*What you will do*
All of the data should be copied exactly, with the pictures left out.

*Dataset excerpt*
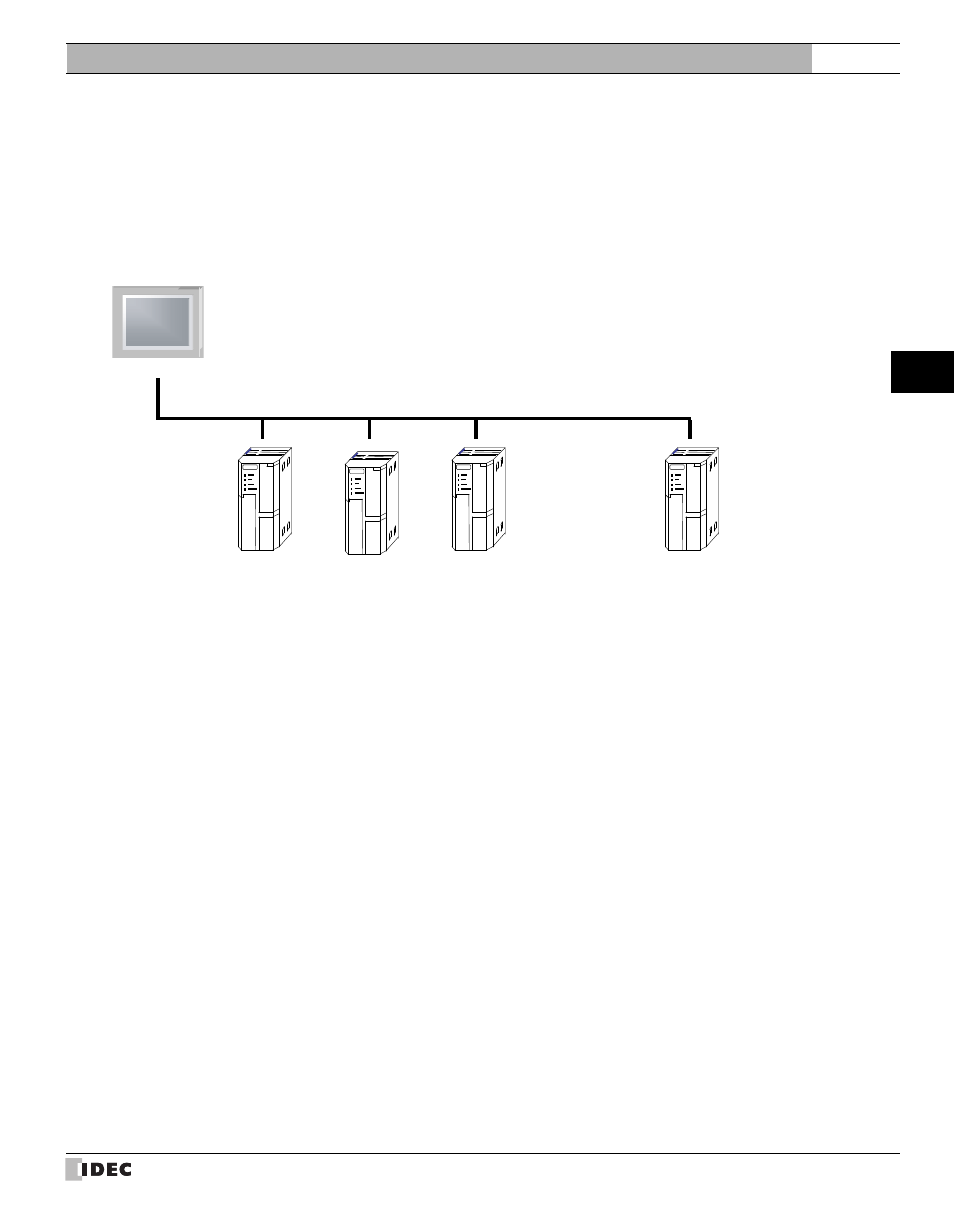 External device setup manual | IDEC High Performance Series User Manual | Page 53 / 680
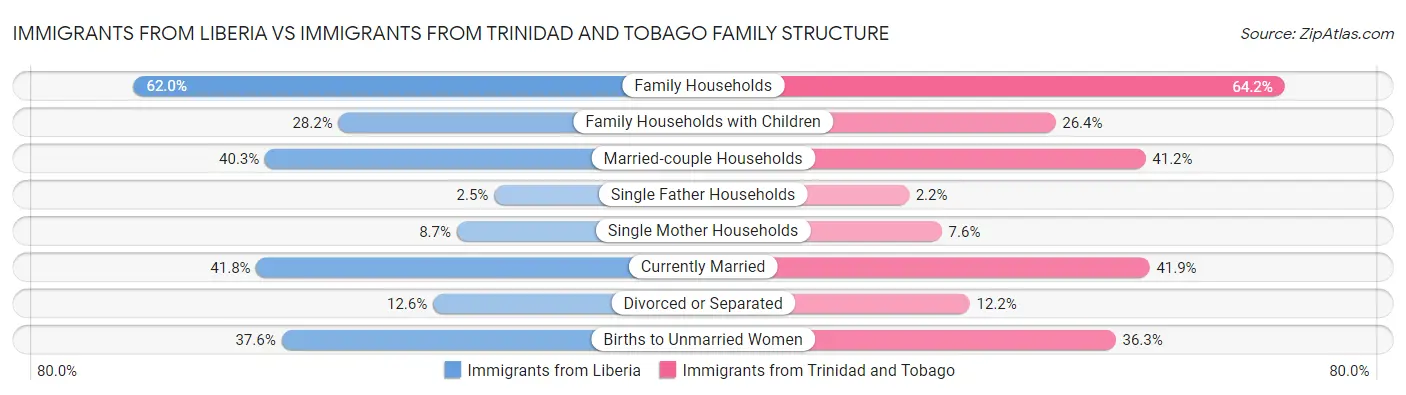 Immigrants from Liberia vs Immigrants from Trinidad and Tobago Family Structure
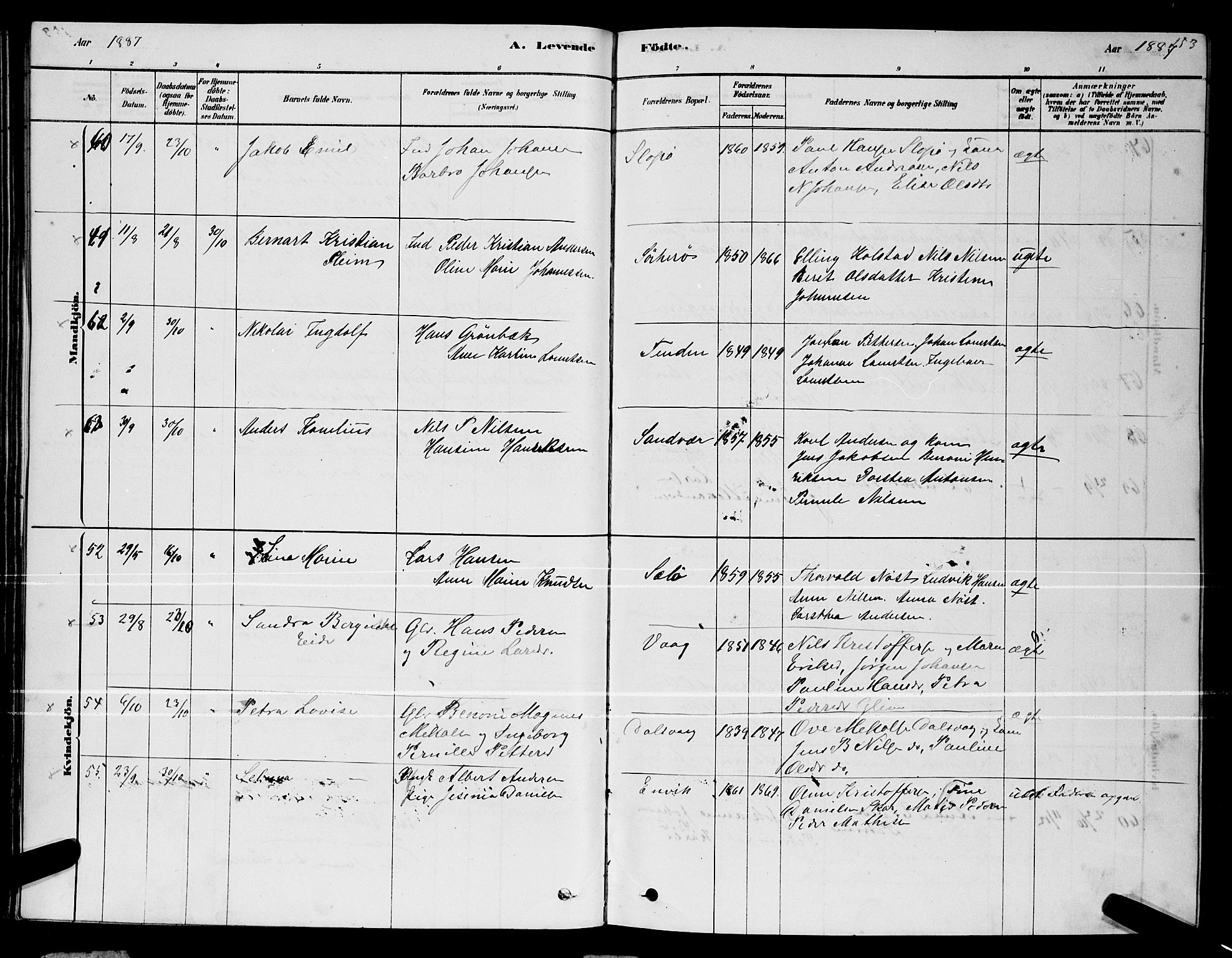 Ministerialprotokoller, klokkerbøker og fødselsregistre - Nordland, AV/SAT-A-1459/834/L0513: Parish register (copy) no. 834C04, 1877-1892, p. 153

*Answer section*
 External device setup manual | IDEC High Performance Series User Manual | Page 53 / 680
 Immigrants from Liberia vs Immigrants from Trinidad and Tobago Family Structure
 Ministerialprotokoller, klokkerbøker og fødselsregistre - Nordland, AV/SAT-A-1459/834/L0513: Parish register (copy) no. 834C04, 1877-1892, p. 153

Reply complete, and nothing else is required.